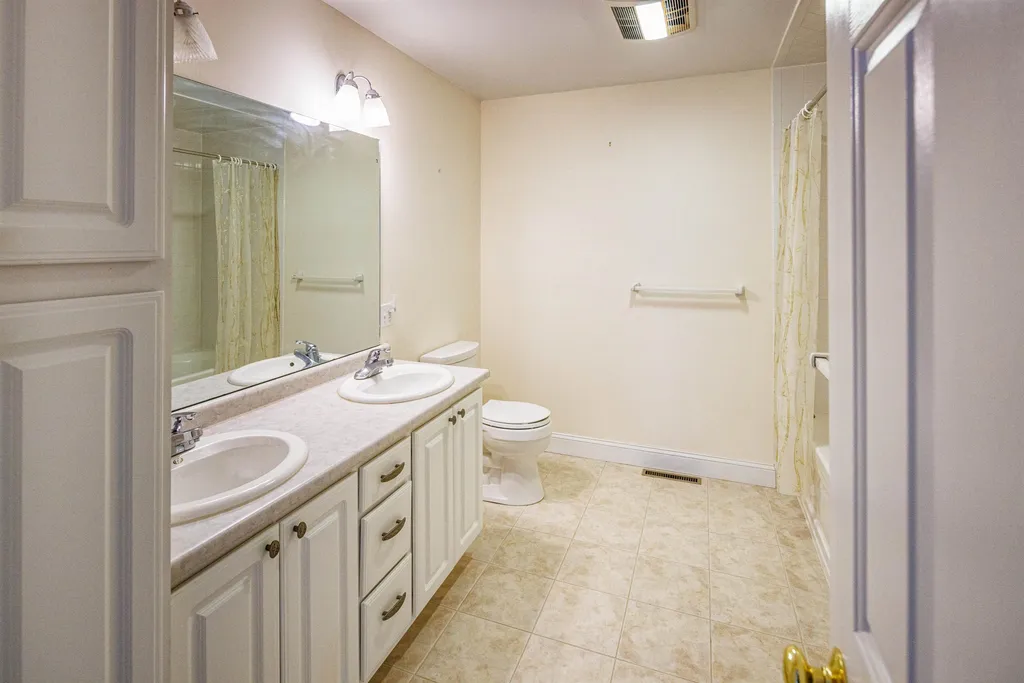 23 Morrison Lane Dover NH 03820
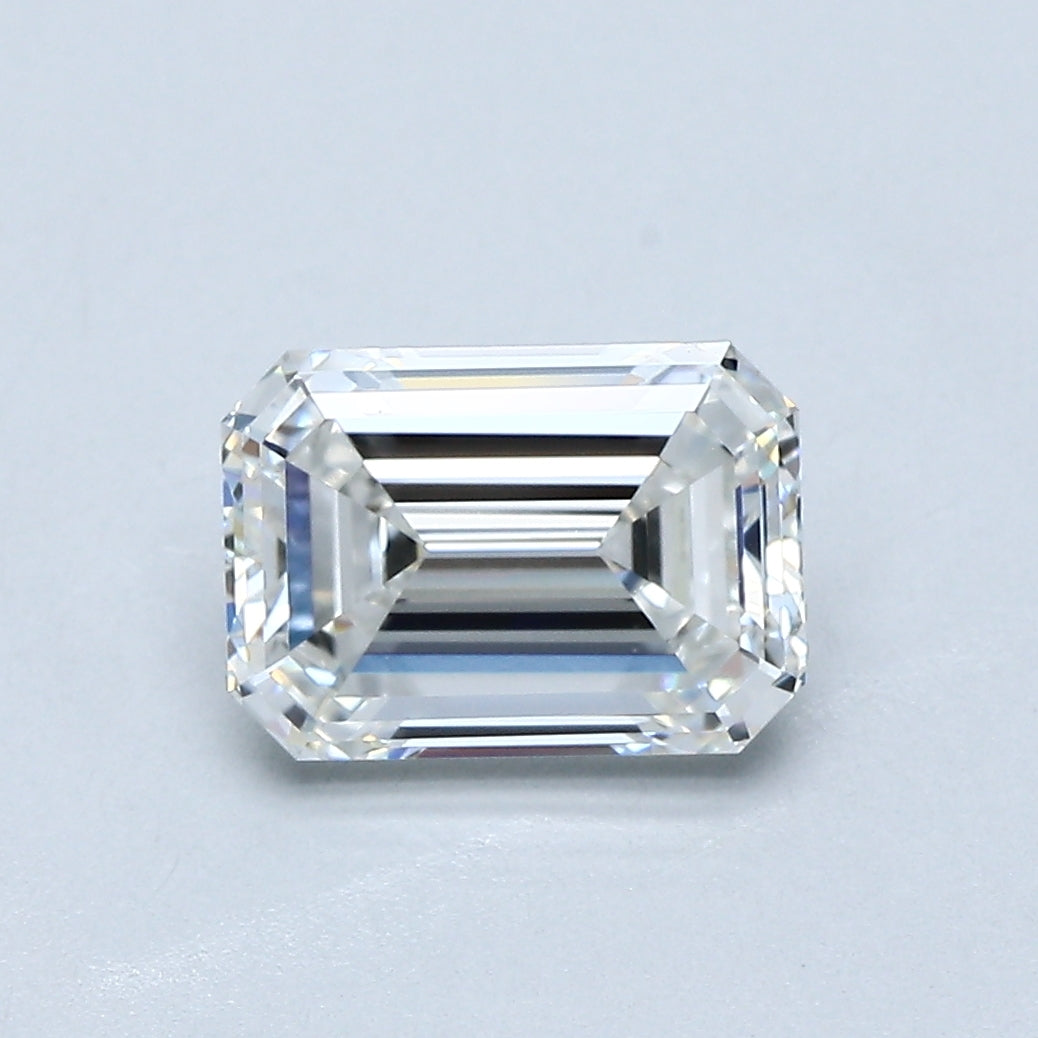 1.7ct Emerald F VVS2 Natural Diamond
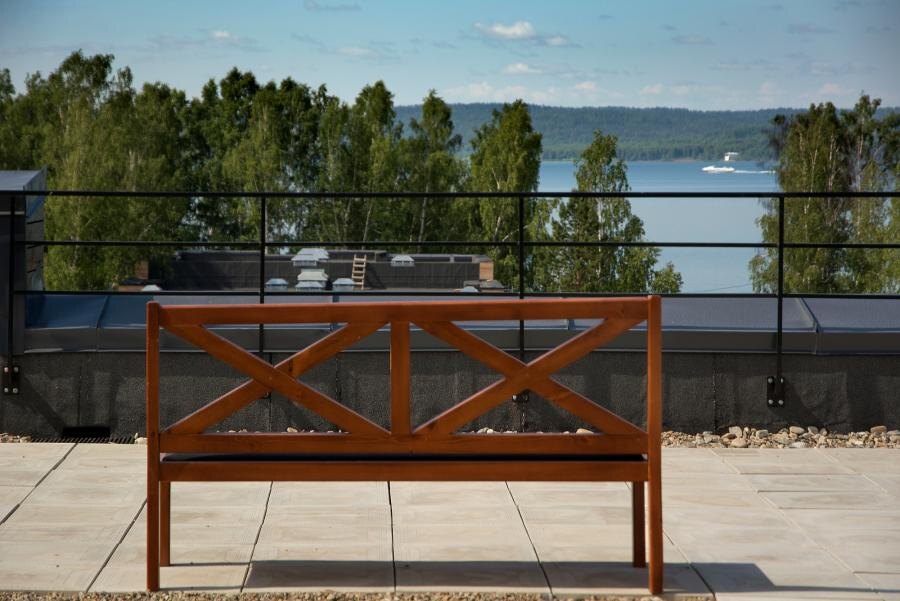 Вид с эксплуатируемой кровли дома первой очереди поселка "Горизонт"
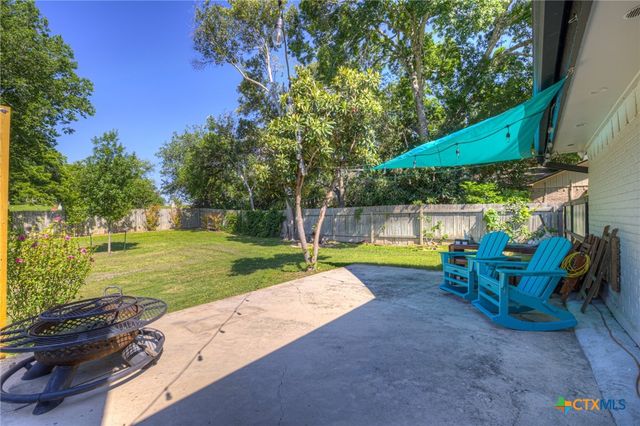 96 W Hampton Drive, Seguin, TX 78155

- Task instructions
In your answer, give every line of the listing above exactly, and do not include the images.

- Output of the exercise
 23 Morrison Lane Dover NH 03820
 1.7ct Emerald F VVS2 Natural Diamond
 Вид с эксплуатируемой кровли дома первой очереди поселка "Горизонт"
 96 W Hampton Drive, Seguin, TX 78155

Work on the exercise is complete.